As expected, Google wanted me to authenticate, but it was happy enough with a captcha and Google Authnenticator (which uses a 2FA I could sync with KeepPassXC, so no need for a phone) for the most part. After 3 weeks of usage, this account is still very usable, and the number associated with it is working well.

As for the dating apps (I was using thee websites sites now, from behind a VPN), they were less welcoming. One site, for example, forced me to sign in with my Google Voice phone number, and then sent me an authentication code. After I authenticated, it asked me to put in a password, and then it asked me to enter a second authentication code from my Gmail. Only then I was able to access my profile.

Another site blocked me mid-chat with a person. After about a half an hour of semi-flowing conversation, it abruptly cut me mid-sentence to inform me that my account was under review for “suspicious activity.” They said it will take minutes, but it took more than a day before anything happened. Eventually this ban was lifted after I sent a couple of pictures of myself in silly poses.

Meanwhile, a couple more days of VPN usage granted me a complete ban from another dating site without a chance of redeeming myself, even though I was supplying all the codes they sent me. Or at least that’s what I thought.
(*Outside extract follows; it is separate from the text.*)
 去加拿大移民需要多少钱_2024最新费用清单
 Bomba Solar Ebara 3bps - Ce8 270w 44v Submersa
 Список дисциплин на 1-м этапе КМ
When later I tried to connect from the app itself (coming up), everything worked fine and there was no mention of this ban.

Look, I get it. VPNs are the bread and butter of spammers, especially on dating websites. Big dating companies (which own several of these sites) need to have quick blocks in place to prevent abuse. Still, it doesn’t justify the amount of personal data they harbor and sell to third parties.

Eventually, I decided to give up using these apps' websites from a privacy-enforcing computer1. I realized that I could get the same results if I play their game and download their spy-dating-apps on my “dating” phone.

I will keep using the phone from the same public WiFi, utilizing the same email and Google Voice number I’ve been using. I will keep the phone off and only use it when I’m around that area, usually when I have time to browse potential dates. In turn, this will also prevent me from “swipe addiction,” and force me to focus on being more productive with my time. When I find someone I want to keep talking to, I could give them a Google Voice number that is connected to my real phone; this will protect my real number from getting spam from whatever is on their phone if I end up on their contact list.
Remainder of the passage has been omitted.